# Precision Mathews TL Lathe



## Andy Gawlak (Nov 26, 2022)

Good afternoon. I am looking to speak with some one who owns a 1440, 1640, or 1660 TL Lathe. Please let me know if you can help.
Thank you.


----------



## Tom O (Nov 26, 2022)

What’s your problem? Is probably the place to start.


----------



## Andy Gawlak (Nov 26, 2022)

Tom O said:


> What’s your problem? Is probably the place to start.


Thinking of buying one for my self.


----------



## David_R8 (Nov 26, 2022)

Not sure there’s a lot of folks here with one due to the costs
of  getting  one into Canada.
You might try asking on the Hobby Machinist forum as there are many PM lathe owners there and a dedicated sub-forum for Precion Matthews.


----------



## DPittman (Nov 26, 2022)

Andy Gawlak said:


> Thinking of buying one for my self.


They are good, buy one.


----------



## Andy Gawlak (Nov 27, 2022)

David_R8 said:


> Not sure there’s a lot of folks here with one due to the costs
> of  getting  one into Canada.
> You might try asking on the Hobby Machinist forum as there are many PM lathe owners there and a dedicated sub-forum for Precion Matthews.

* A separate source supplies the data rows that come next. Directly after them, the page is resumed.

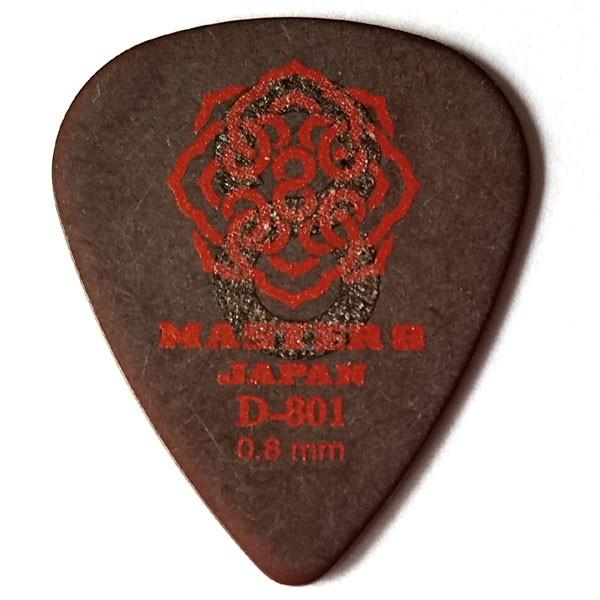 未使用品HOTEI「8 BEAT のシルエット」 コンプリートピックセット DX MASTER 8 ピック D-801 ティアドロップ ハードグリップ : ピック
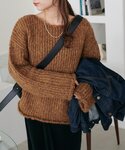ニット セーター 「WEB限定」手編み風プルオ...の詳細画像5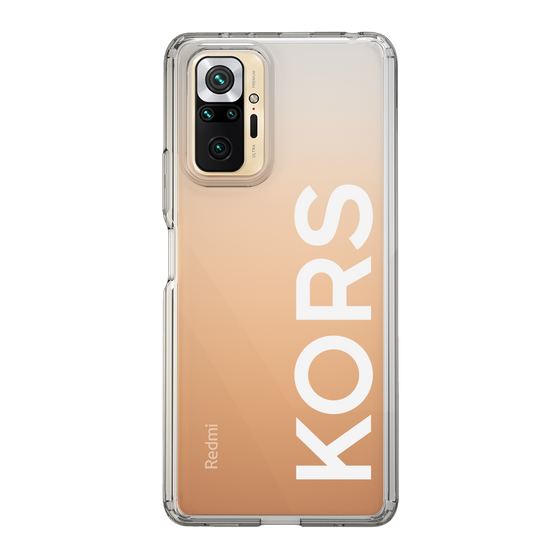 スリムプロテクションケース［ MICHAEL KORS - Logo - White ］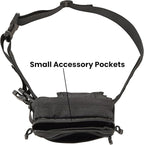 Concealed Carry Fanny Pack for Men and Women CCW Drop Down Holster Waist Bag Tactical EDC Pistol Pouch for Running and Hiking, Black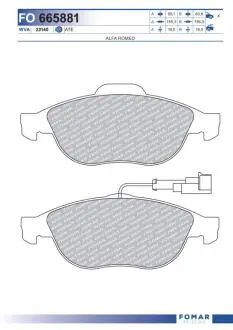 Тормозные колодки FOMAR FO665881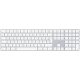 Apple Magic Keyboard numpaddal - HU - Ezüst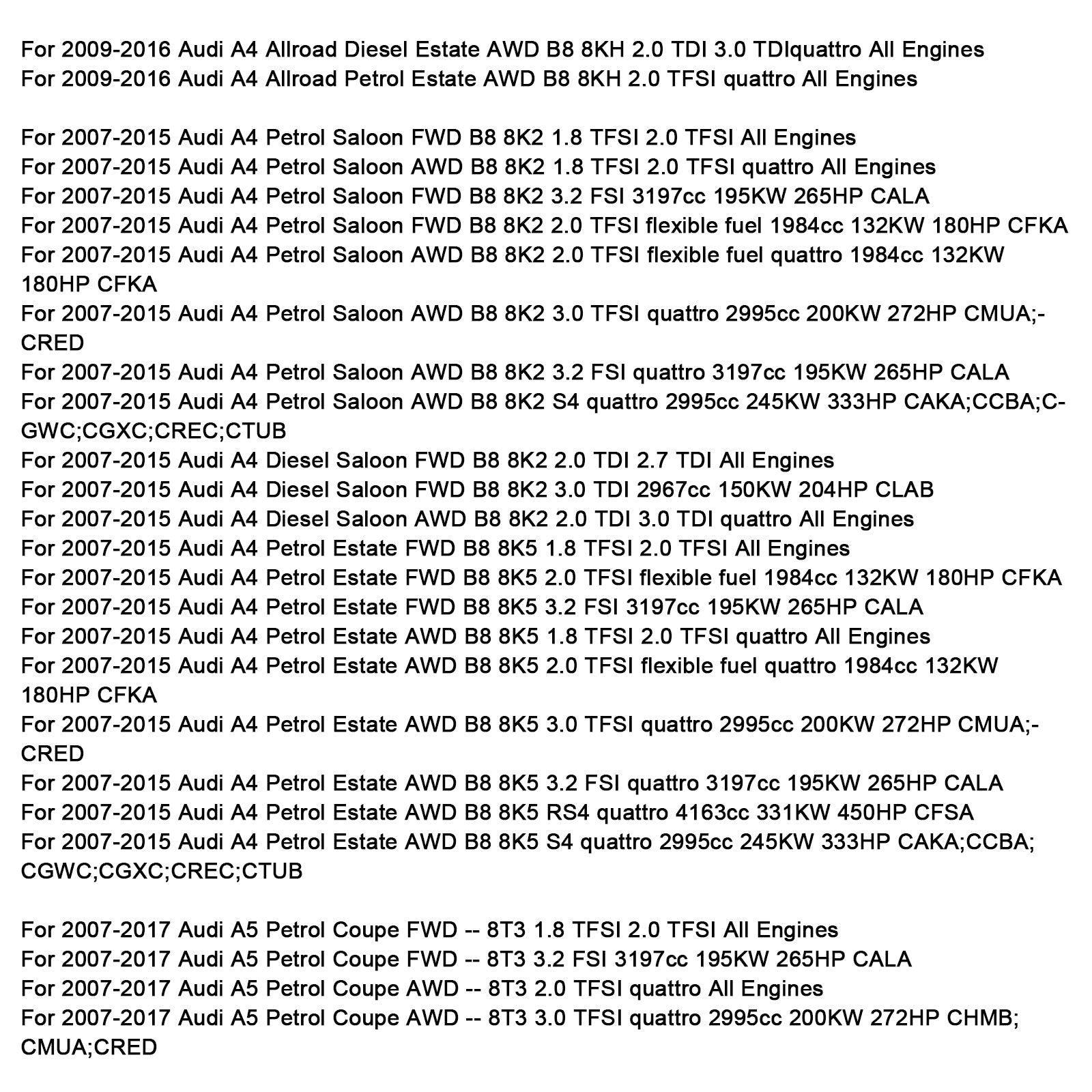 2007-2015 Audi A4 Headlight Range Adjustment Sensor Rear Left 8K0941309D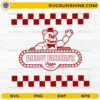Freddy Fazbear Pizza SVG featuring a retro pizza place sign and bear mascot for Cricut and Silhouette projects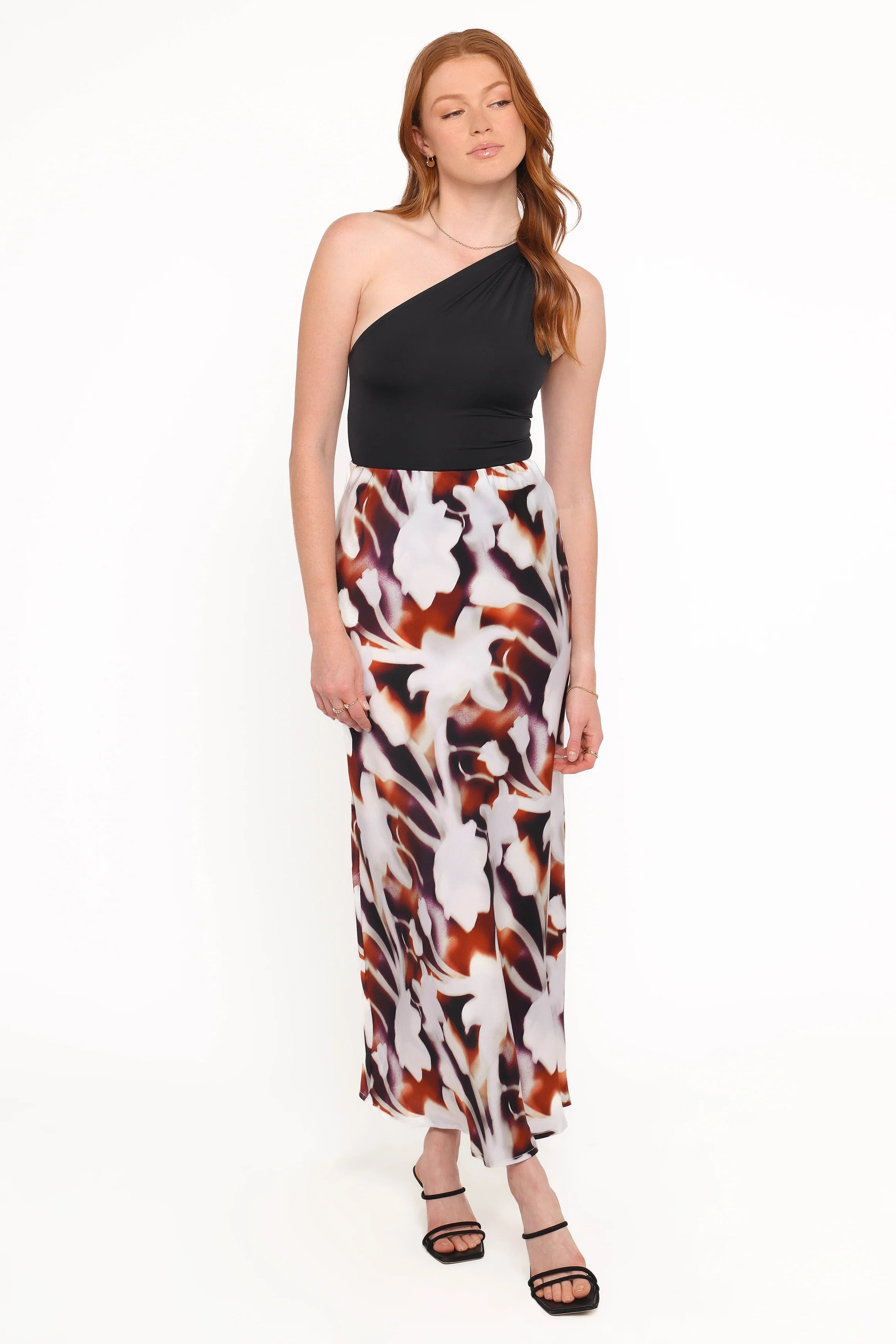 Cheryl Maxi Skirt Blurred Floral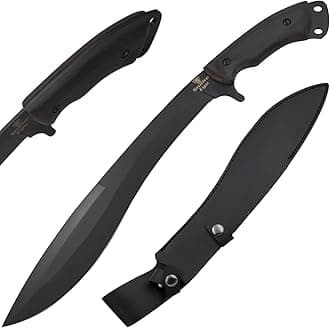 Snake Eye Machete with Heavy Duty Construction-Ergonomic Non-Slip Handle and Belt Sheath for Gardening, Land-Management, Bushcraft, Hunting and Outdoor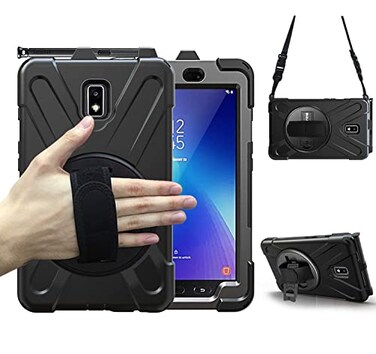 BRAECN Case for Samsung Galaxy Tab Active 2-8 inch Black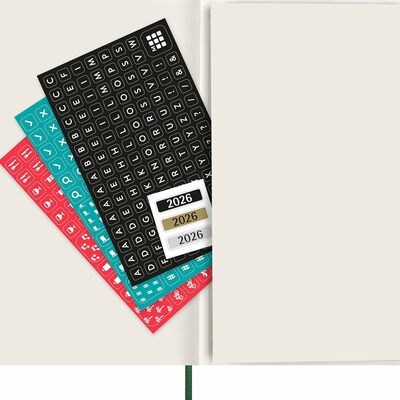 Moleskine planer dnevni meke korice 13x21 cm zeleni 20265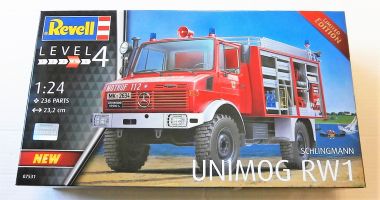 Thumbnail REVELL 07531 SCHLINGMANN UNIMOG RW1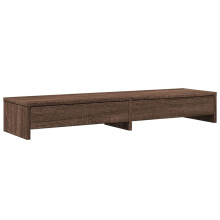 (brown oak) vidaXL Monitor Stand with Drawers Monitor Riser Display Stand Engineered Wood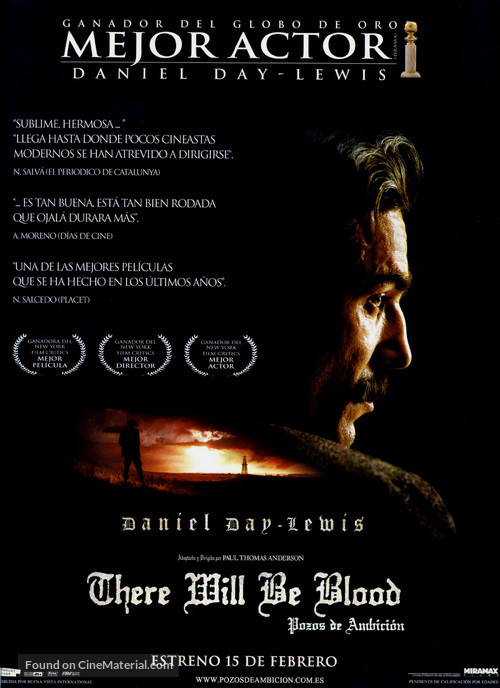 There Will Be Blood - Spanish Movie Poster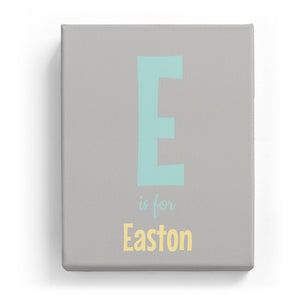E is for Easton - Cartoony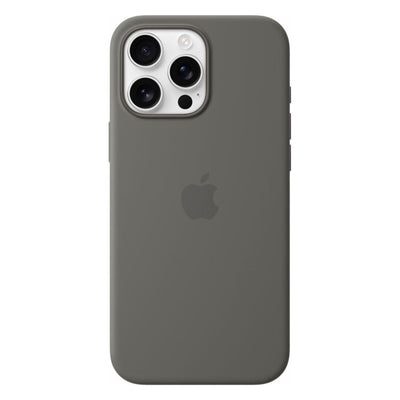 Silikon Case mit MagSafe Steingrau passend für iPhone 16 Pro Max
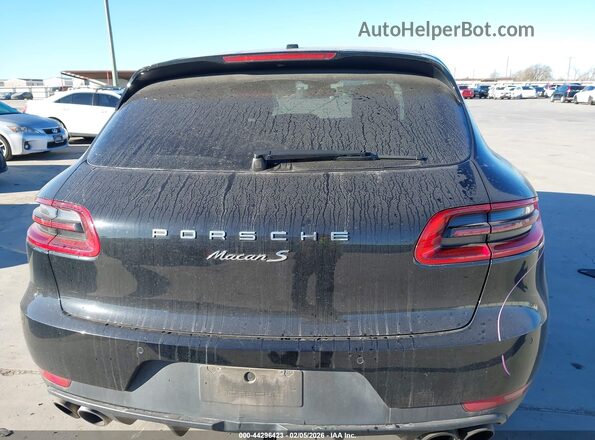 WP1AB2A51GLB54065 2016 PORSCHE MACAN Черный 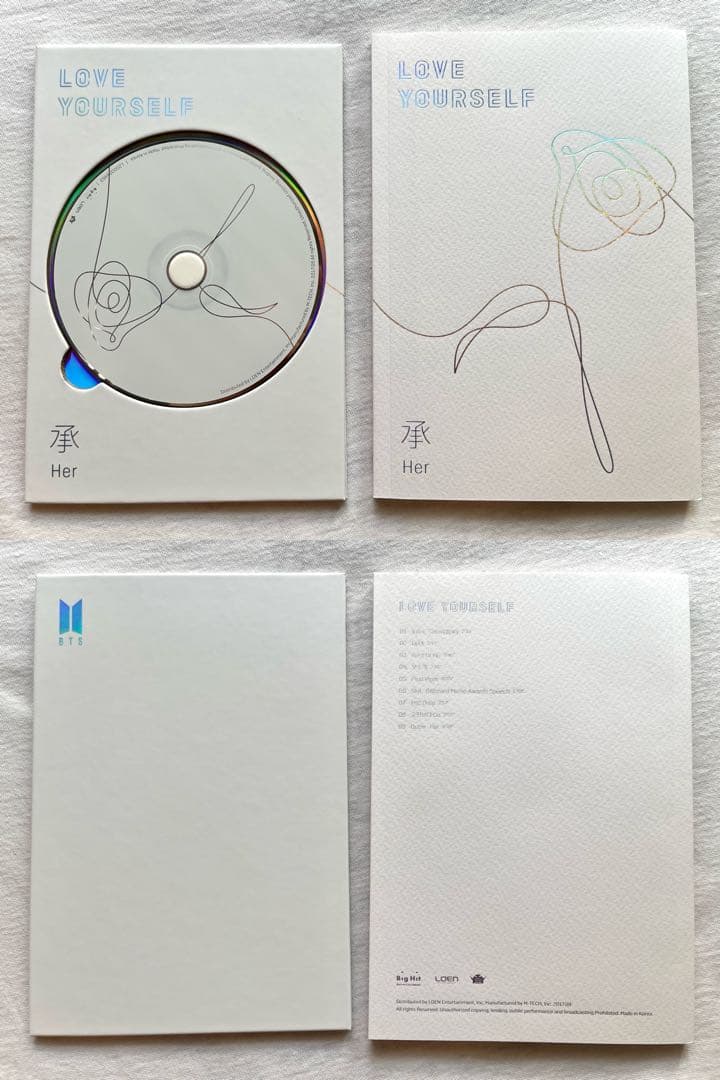 【未使用】 BTS「LOVE YOURSELF 承 'Her'」4形態セット
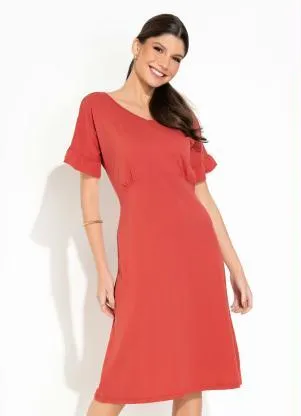 Rosalie - Vestido Terracota Princesa - ROSALIE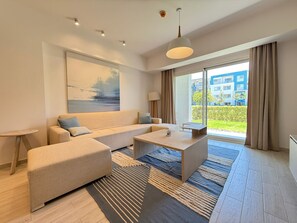 Chalet, 2 Bedrooms, Sea View | Living area - Fouka North Coast SA-2B-B02 (Marsa Matrouh)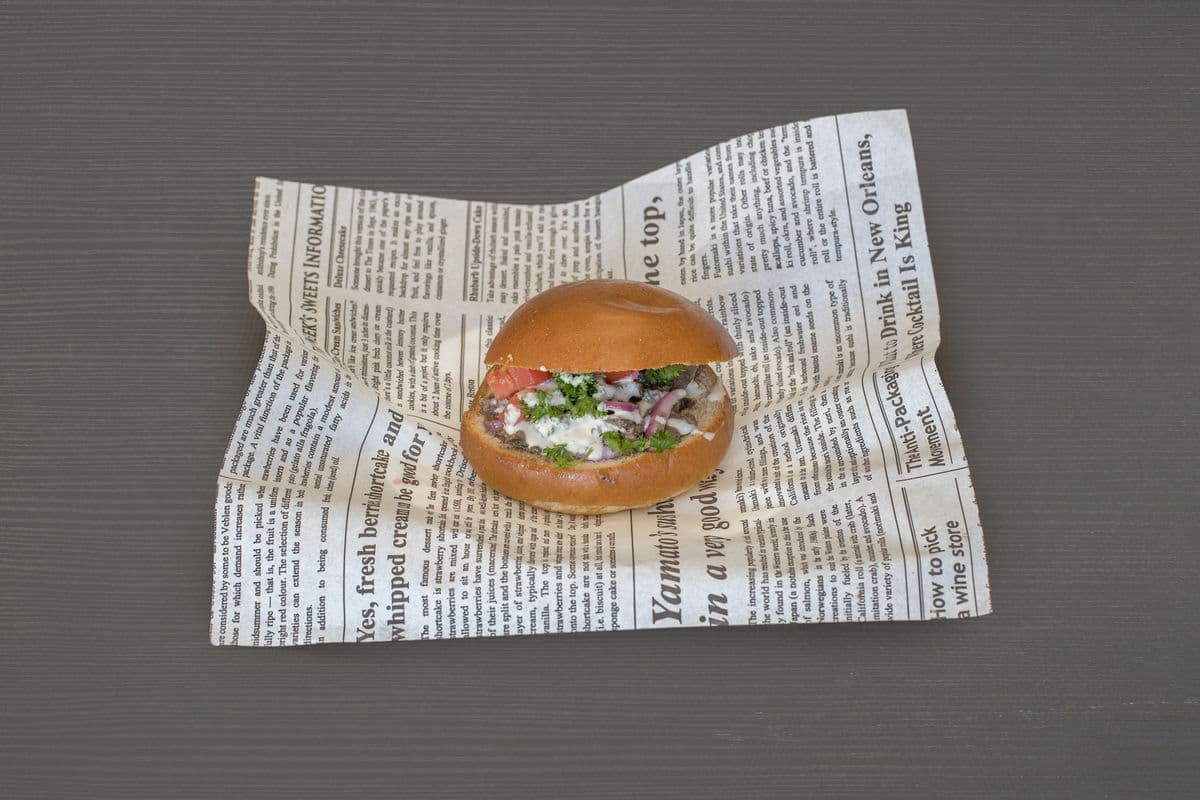Beef Shawarma Sandwich (Brioche Bun)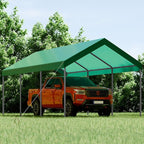 Shintenchi 10x20ft Heavy Duty Carport with UV&Wind Resistant Canopy,Portable Carport Garage Shelter with Stable Powder-Coated Steel Frame,Outdoor Carports for Car,Bike,Camp,Storage-Green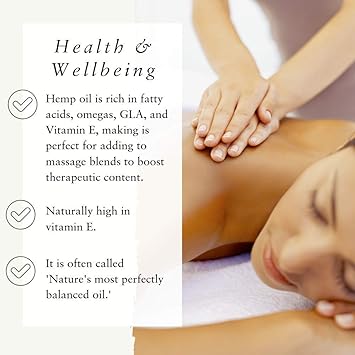 Absolute Aromas Hemp Oil 150ml Pure Natural ColdPressed Vegan and Cruelty Free - Image 3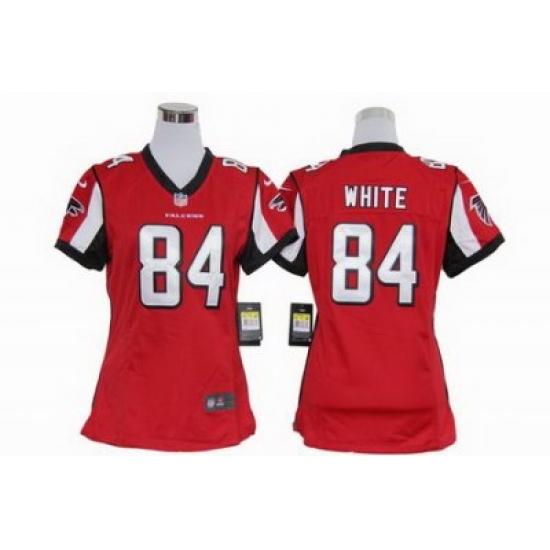 Women Nike Atlanta Falcons #84 Roddy White Red Jerseys Women Nike Atlanta Falcons #84 Roddy White Red Jerseys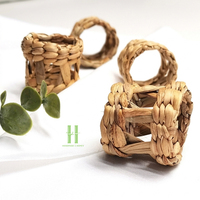 Meilleurs Anneaux de Serviette Ronds en Jonc de Mer Écologiques en Gros, Sets de Table Bohèmes en Osier Tressé pour Décoration de Table de HNH CRAFT
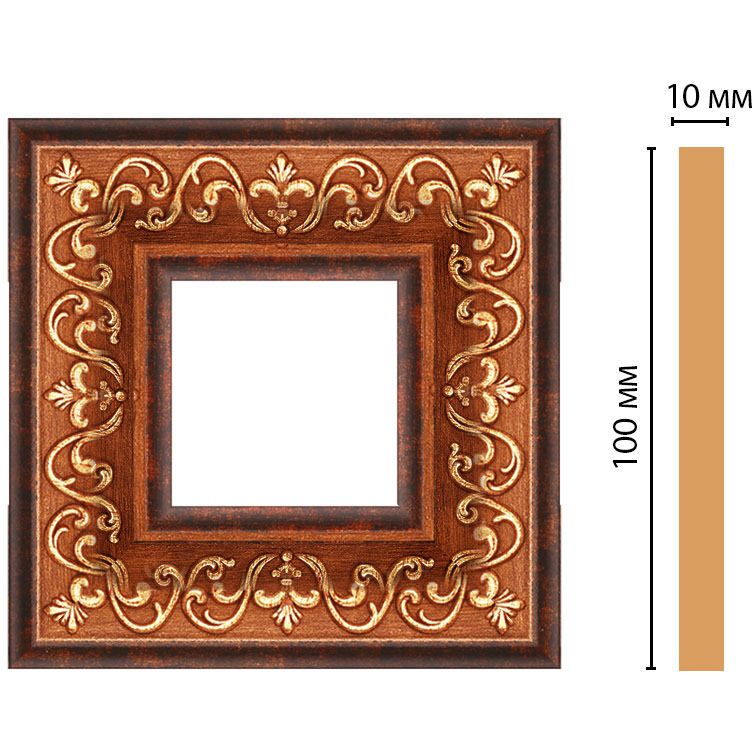Вставка цветная Decomaster (Декомастер) 100х100х10 мм 165-2-767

I have done that as well David. Thanks.


----------



## Degen (Nov 27, 2022)

Do your research, Grizzly, PM, King, BB all draw from the same supplier.  It comes down to level of options they select.  In some cases the value is not from the one you suspect, in other cases its a false value.

Do you research.


----------



## TorontoBuilder (Nov 27, 2022)

Degen said:


> Do your research, Grizzly, PM, King, BB all draw from the same supplier.  It comes down to level of options they select.  In some cases the value is not from the one you suspect, in other cases its a false value.
> 
> Do you research.


well I have to hand it to Andy, he is trying to do his research... and I bet that what he found out to date is that out of the choices you listed PM is the best. 

Then ran up against the downfall of PM's single showroom for the entire USA. Sure it saves overhead and allows for better pricing, but for people with a need to see with their own eyes and feel with their own hands it is a huge barrier to purchasing their products.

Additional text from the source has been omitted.